[[ DATASET EXTRACT, beginning ]]

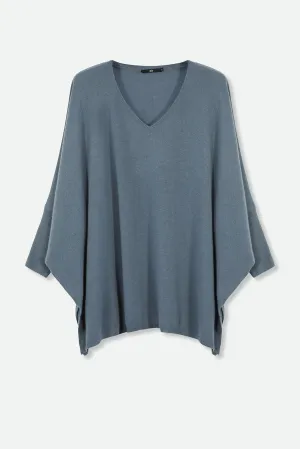 ANITA LONG SLEEVE PONCHO IN PURE CASHMERE MERINO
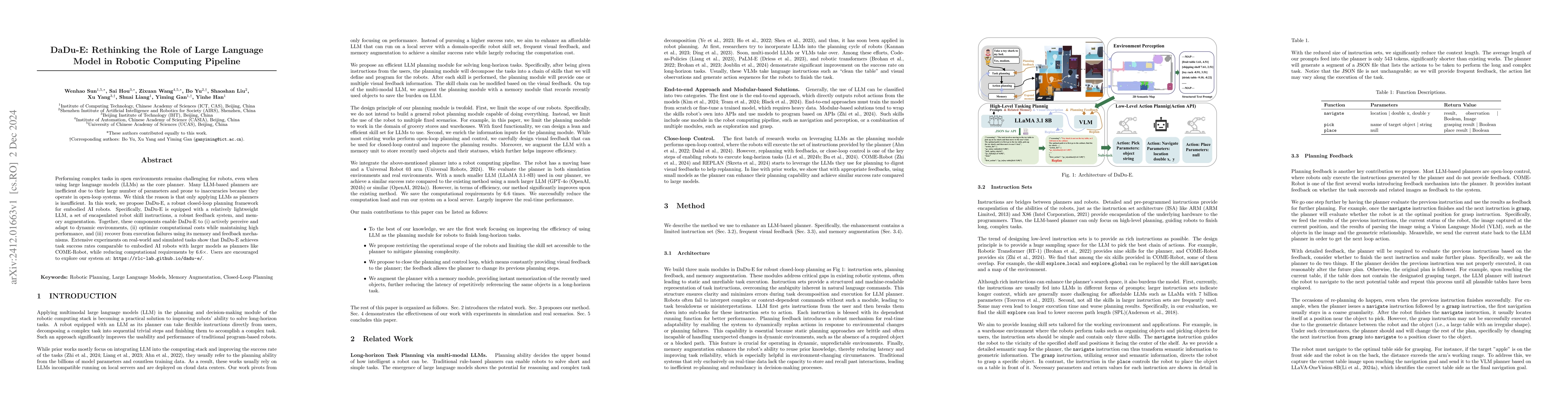 Thumbnail for DaDu-E: Rethinking the Role of Large Language Model in Robotic Computing
  Pipeline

[[ DATASET EXTRACT, end ]]

• TASK OBJECTIVE: Transcribe the full listing exactly, but keep every image out of it.

• RESULT BELOW:
 ANITA LONG SLEEVE PONCHO IN PURE CASHMERE MERINO
 Thumbnail for DaDu-E: Rethinking the Role of Large Language Model in Robotic Computing
  Pipeline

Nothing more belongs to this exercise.